Aus Protest gegen längere Arbeitszeiten und geringere Bezahlung sind am Freitag rund 400 Ärztinnen und Ärzte der Uniklinik in Marburg in einen Warnstreik getreten. Sie haben am Mittag gut zwei Stunden lang die Arbeit niedergelegt und vor dem Krankenhaus demonstriert, erklärte Dr. Thorsten Steinfeldt vom mb hessen gegenüber der Presse. In den Bildern wird deutlich, dass trotz des Warnstreiks die Patientenversorgung weiter lief und die Passanten mit offensichtlicher Sympathie und Zuversicht an den Streikenden vorbei zum Haupteingang gingen.
Die Marburger waren nicht alleine: In ganz Deutschland kam es an rund 20 Universitätskliniken zu Protestaktionen.

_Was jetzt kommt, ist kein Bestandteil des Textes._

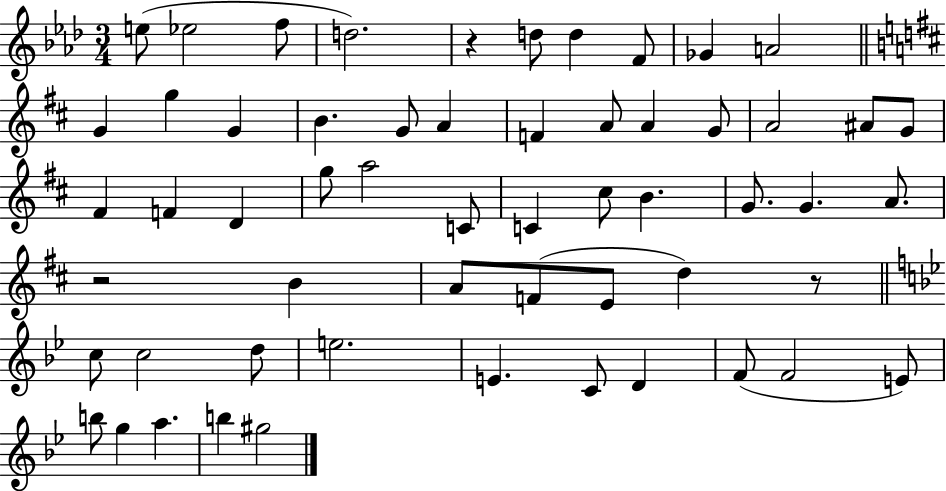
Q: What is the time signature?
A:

Für den 6. Dezember war die Fortsetzung der die Tarifverhandlungen zwischen dem Marburger Bund und der Tarifgemeinschaft deutscher Länder (TdL) angesetzt. Mit Hinweis auf die Verhandlungsbereitschaft hatte der Vorsitzende der TdL, Niedersachsens Finanzminister Hartmut Möllring, verärgert auf die Streikankündigungen des mb reagiert. Da er gleichzeitig erklärte, dass es in der heutigen Zeit praktisch keine Gehaltssteigerungen mehr gäbe, rechtfertigte er in den Augen der Streikenden weitere Maßnahmen, die durchaus noch steigerungsfähig sind, um die Ernsthaftigkeit der Forderungen zu unterstreichen. Die hessischen Uniärzte blieben zudem bei den Verhandlungen außen vor, weil das Land Hessen die TdL verlassen hat, kritisierte Udo Rein, der Geschäftsführer und Tarifexperte des mb hessen. Hessen mutet den Ärzten Hunderttausende unbezahlter Überstunden zu, Arbeitszeiten von bis zu 80 Wochenstunden sowie kurze Arbeitsverträge - zum Teil mit einer Laufzeit von nur einem Monat.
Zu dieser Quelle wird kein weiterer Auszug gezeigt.